▶ _Requirement_
Below, some lines carry pictures; leave those pictures out and retype exactly the lines from the one with "The appearance of" through the one with "BOSS - Crew".

Data Block Start

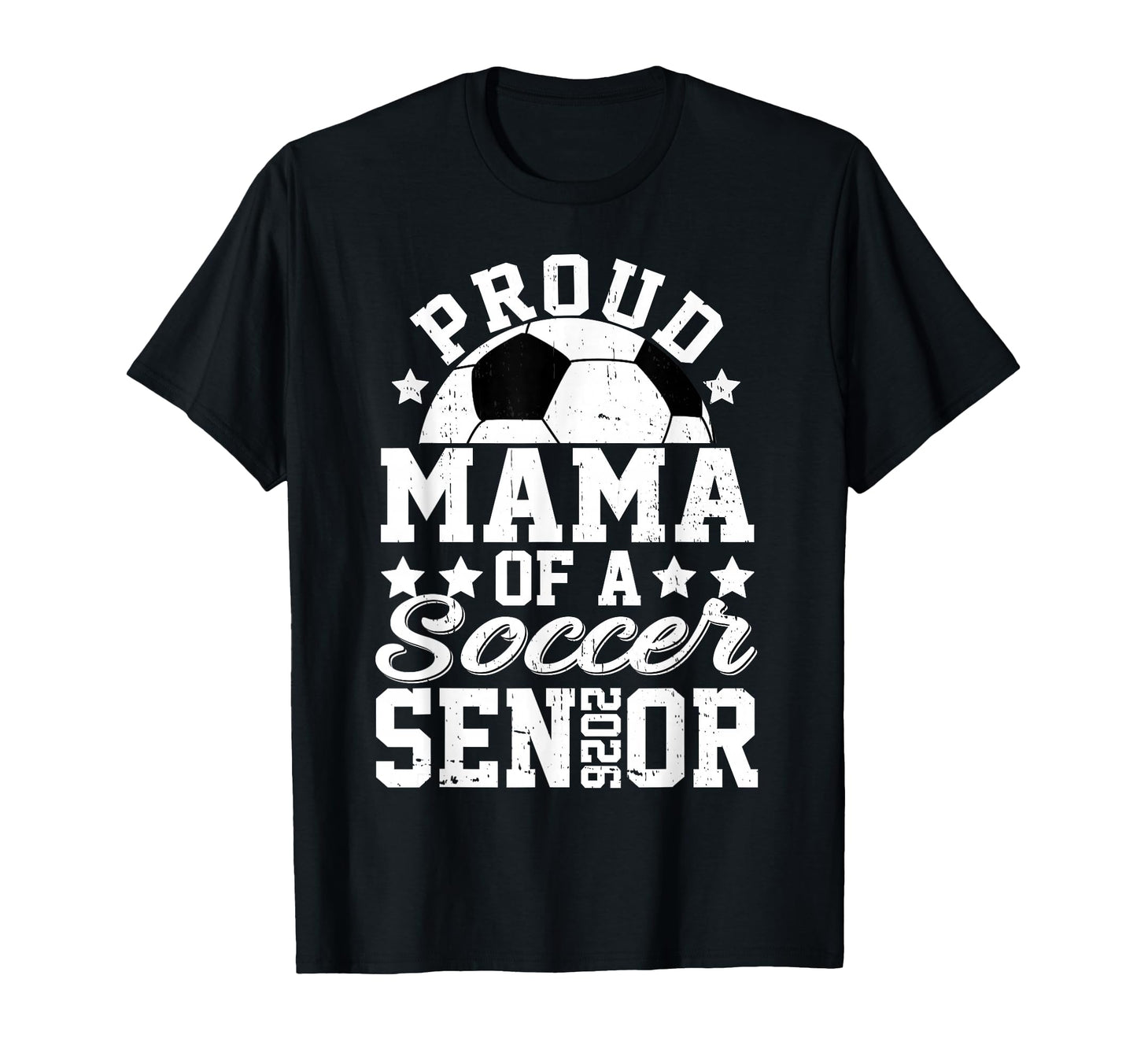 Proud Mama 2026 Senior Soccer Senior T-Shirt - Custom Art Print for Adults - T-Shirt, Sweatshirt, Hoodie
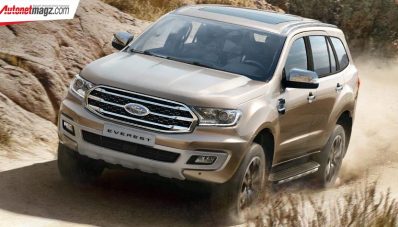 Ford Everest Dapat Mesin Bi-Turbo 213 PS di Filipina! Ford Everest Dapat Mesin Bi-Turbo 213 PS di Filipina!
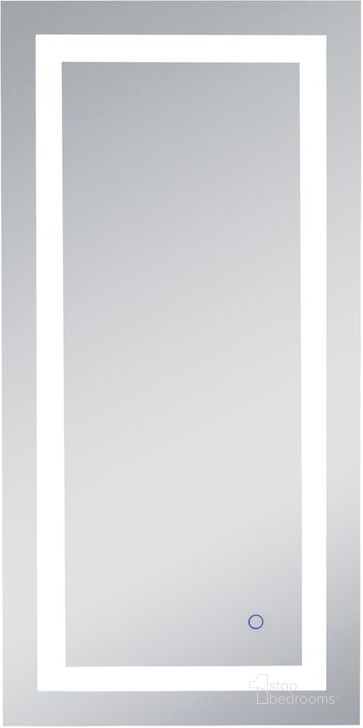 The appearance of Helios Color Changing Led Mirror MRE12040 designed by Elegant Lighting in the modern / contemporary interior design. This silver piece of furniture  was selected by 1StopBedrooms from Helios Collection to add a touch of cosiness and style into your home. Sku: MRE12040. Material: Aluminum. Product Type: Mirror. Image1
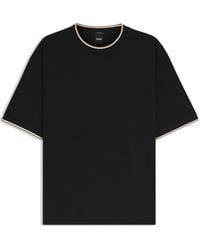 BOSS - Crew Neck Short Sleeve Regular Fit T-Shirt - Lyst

Data Block End
Data Block Start

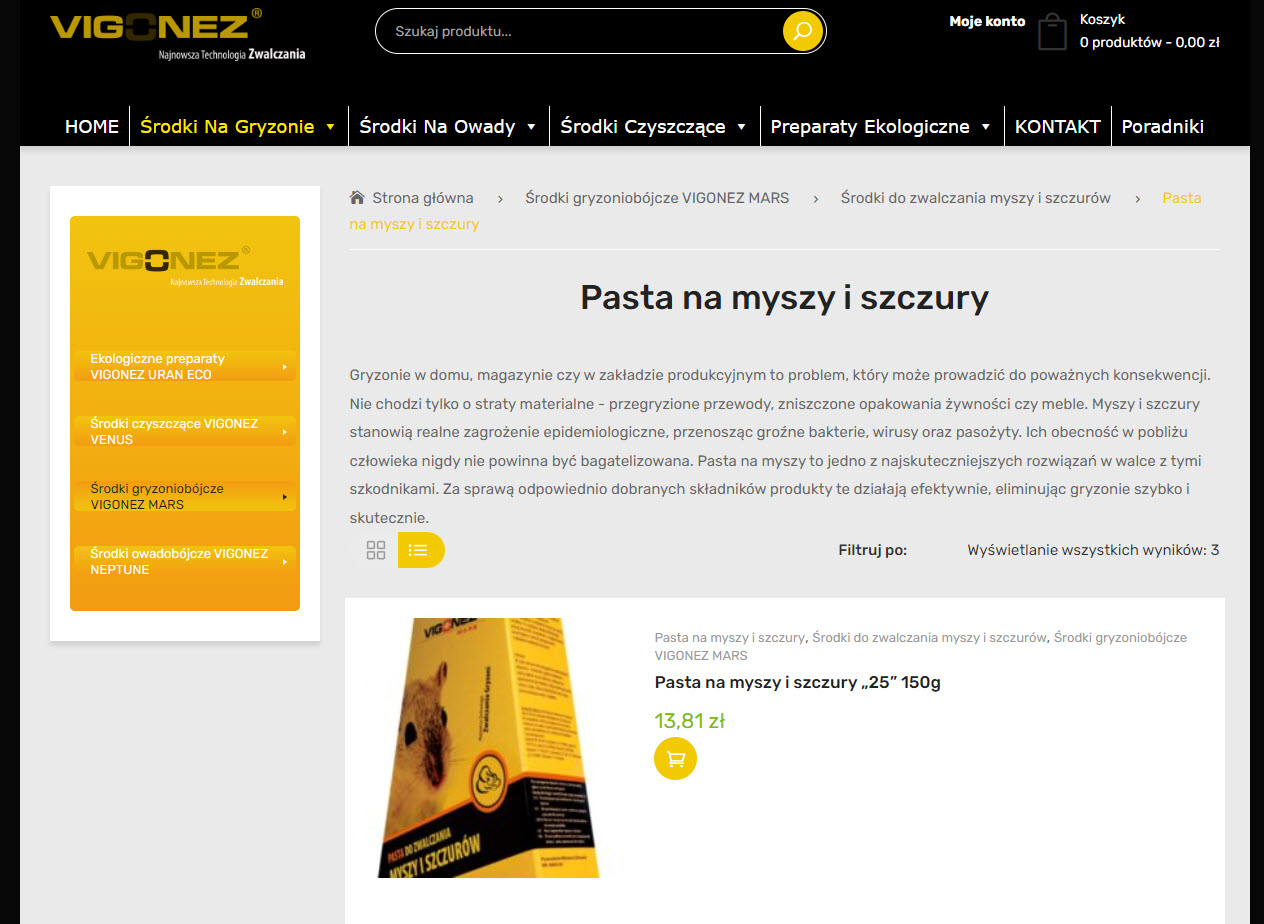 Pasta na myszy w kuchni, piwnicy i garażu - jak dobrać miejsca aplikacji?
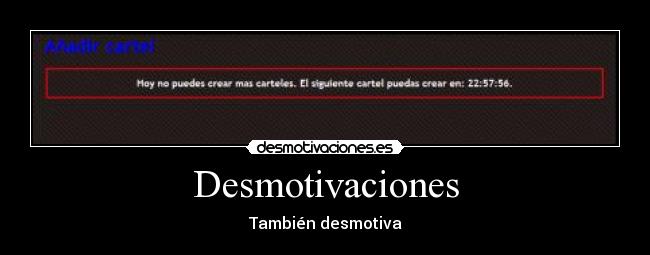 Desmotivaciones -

Data Block End

▶ _Reply_
 The appearance of Helios Color Changing Led Mirror MRE12040 designed by Elegant Lighting in the modern / contemporary interior design. This silver piece of furniture  was selected by 1StopBedrooms from Helios Collection to add a touch of cosiness and style into your home. Sku: MRE12040. Material: Aluminum. Product Type: Mirror. Image1
 BOSS - Crew Neck Short Sleeve Regular Fit T-Shirt - Lyst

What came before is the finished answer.